In the context of a query engine downloading some Parquet files to satisfy a query, it makes sense to read as little data as possible from the object store to minimize transfer costs (both time- and money- wise). Query engines do this via a combination of:
- Caching: storing partitions on a compute node's local disk in order to decrease latency and not have to re-download the file on every query.
- Partition pruning: storing metadata that lets the query engine determine whether it needs to scan through any part of the file at all, without downloading the actual file.
- Row group pruning/individual column reads: Using row group statistics in an individual Parquet file to skip over irrelevant blocks as well as only download certain columns in a row group. This can be done by using byte range fetches.
No egress fees at all?
However, what happens when a new entrant like Cloudflare R2 doesn't charge for egress at all? This has some interesting implications for applications that can now be deployed on any compute vendor and in any region without costly egress fees.
Consider a 1GB Parquet file with 8 columns (of the same type) and 16 row groups. In a single row group, each column will take 1024 / 8 / 16 = 8MB. Assume we need to scan just the data for a single column over a link with a bandwidth of 128MB/s. We can either:
- download the whole 1GB Parquet file: 1 request; 1024 / 128 = 8 seconds
- use Range requests to download the column values for each of the 16 row groups: 16 requests; 16 x 8 / 128 = 1 second
The second case is 8 times faster but 16 times more expensive. To take advantage of this different cost structure, we might need to rethink:
- how tables are partitioned into Parquet files (bigger partitions can be better)
- how tables are partitioned inside of Parquet files (files with single row groups are better, since it lets the engine read a single column with a single byte range fetch)
- how caching files on the compute node works (it might make sense to download and cache a whole Parquet file instead of a small region)

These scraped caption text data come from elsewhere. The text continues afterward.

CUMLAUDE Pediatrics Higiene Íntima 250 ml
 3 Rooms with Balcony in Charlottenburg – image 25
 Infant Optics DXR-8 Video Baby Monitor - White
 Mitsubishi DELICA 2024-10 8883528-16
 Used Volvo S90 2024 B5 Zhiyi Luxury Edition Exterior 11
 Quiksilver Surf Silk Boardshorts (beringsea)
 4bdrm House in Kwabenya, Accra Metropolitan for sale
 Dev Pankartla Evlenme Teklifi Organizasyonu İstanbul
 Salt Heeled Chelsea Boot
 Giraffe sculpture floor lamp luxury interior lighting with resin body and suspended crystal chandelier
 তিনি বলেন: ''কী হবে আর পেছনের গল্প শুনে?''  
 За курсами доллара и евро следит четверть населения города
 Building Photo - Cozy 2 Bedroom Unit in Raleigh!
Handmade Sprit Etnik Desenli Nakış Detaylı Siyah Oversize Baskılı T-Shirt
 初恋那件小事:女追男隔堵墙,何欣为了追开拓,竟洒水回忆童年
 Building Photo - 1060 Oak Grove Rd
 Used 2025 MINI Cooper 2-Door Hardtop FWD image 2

- how partition pruning works (we could use a byte range fetch to read a Parquet file footer and get away without storing partition ranges in the catalog, apart from latency issues, but now these small reads will form a large part of our costs)
Though note that doing nothing and proceeding as if we were using a big-three object store is still going to be much cheaper due to the lack of egress fees.